**Work item:** Your task is to print every entry below exactly as given.

-=-=-=-=-

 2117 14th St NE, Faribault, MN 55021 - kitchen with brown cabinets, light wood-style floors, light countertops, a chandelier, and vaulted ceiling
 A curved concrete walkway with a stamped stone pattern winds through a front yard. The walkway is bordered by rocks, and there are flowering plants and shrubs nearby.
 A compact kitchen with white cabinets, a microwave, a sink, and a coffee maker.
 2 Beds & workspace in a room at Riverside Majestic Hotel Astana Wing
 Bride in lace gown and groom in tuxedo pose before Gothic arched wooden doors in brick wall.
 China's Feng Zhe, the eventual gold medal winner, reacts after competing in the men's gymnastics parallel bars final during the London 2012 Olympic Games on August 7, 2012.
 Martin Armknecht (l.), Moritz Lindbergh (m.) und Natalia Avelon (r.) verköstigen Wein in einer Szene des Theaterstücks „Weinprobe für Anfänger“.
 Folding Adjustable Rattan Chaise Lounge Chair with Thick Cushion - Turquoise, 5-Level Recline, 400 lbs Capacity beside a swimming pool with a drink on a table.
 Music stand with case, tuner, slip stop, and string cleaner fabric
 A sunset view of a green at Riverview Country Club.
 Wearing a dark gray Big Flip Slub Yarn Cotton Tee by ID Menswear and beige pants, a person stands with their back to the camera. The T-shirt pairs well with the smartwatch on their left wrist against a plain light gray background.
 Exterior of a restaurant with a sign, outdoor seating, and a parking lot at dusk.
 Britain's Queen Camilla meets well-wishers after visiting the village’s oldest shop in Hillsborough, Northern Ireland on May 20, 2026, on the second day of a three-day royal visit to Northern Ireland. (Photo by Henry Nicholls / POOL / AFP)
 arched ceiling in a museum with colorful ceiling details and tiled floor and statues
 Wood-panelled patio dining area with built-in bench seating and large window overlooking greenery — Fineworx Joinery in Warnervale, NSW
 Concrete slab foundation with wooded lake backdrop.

-=-=-=-=-

**Finished exercise:**
 2117 14th St NE, Faribault, MN 55021 - kitchen with brown cabinets, light wood-style floors, light countertops, a chandelier, and vaulted ceiling
 A curved concrete walkway with a stamped stone pattern winds through a front yard. The walkway is bordered by rocks, and there are flowering plants and shrubs nearby.
 A compact kitchen with white cabinets, a microwave, a sink, and a coffee maker.
 2 Beds & workspace in a room at Riverside Majestic Hotel Astana Wing
 Bride in lace gown and groom in tuxedo pose before Gothic arched wooden doors in brick wall.
 China's Feng Zhe, the eventual gold medal winner, reacts after competing in the men's gymnastics parallel bars final during the London 2012 Olympic Games on August 7, 2012.
 Martin Armknecht (l.), Moritz Lindbergh (m.) und Natalia Avelon (r.) verköstigen Wein in einer Szene des Theaterstücks „Weinprobe für Anfänger“.
 Folding Adjustable Rattan Chaise Lounge Chair with Thick Cushion - Turquoise, 5-Level Recline, 400 lbs Capacity beside a swimming pool with a drink on a table.
 Music stand with case, tuner, slip stop, and string cleaner fabric
 A sunset view of a green at Riverview Country Club.
 Wearing a dark gray Big Flip Slub Yarn Cotton Tee by ID Menswear and beige pants, a person stands with their back to the camera. The T-shirt pairs well with the smartwatch on their left wrist against a plain light gray background.
 Exterior of a restaurant with a sign, outdoor seating, and a parking lot at dusk.
 Britain's Queen Camilla meets well-wishers after visiting the village’s oldest shop in Hillsborough, Northern Ireland on May 20, 2026, on the second day of a three-day royal visit to Northern Ireland. (Photo by Henry Nicholls / POOL / AFP)
 arched ceiling in a museum with colorful ceiling details and tiled floor and statues
 Wood-panelled patio dining area with built-in bench seating and large window overlooking greenery — Fineworx Joinery in Warnervale, NSW
 Concrete slab foundation with wooded lake backdrop.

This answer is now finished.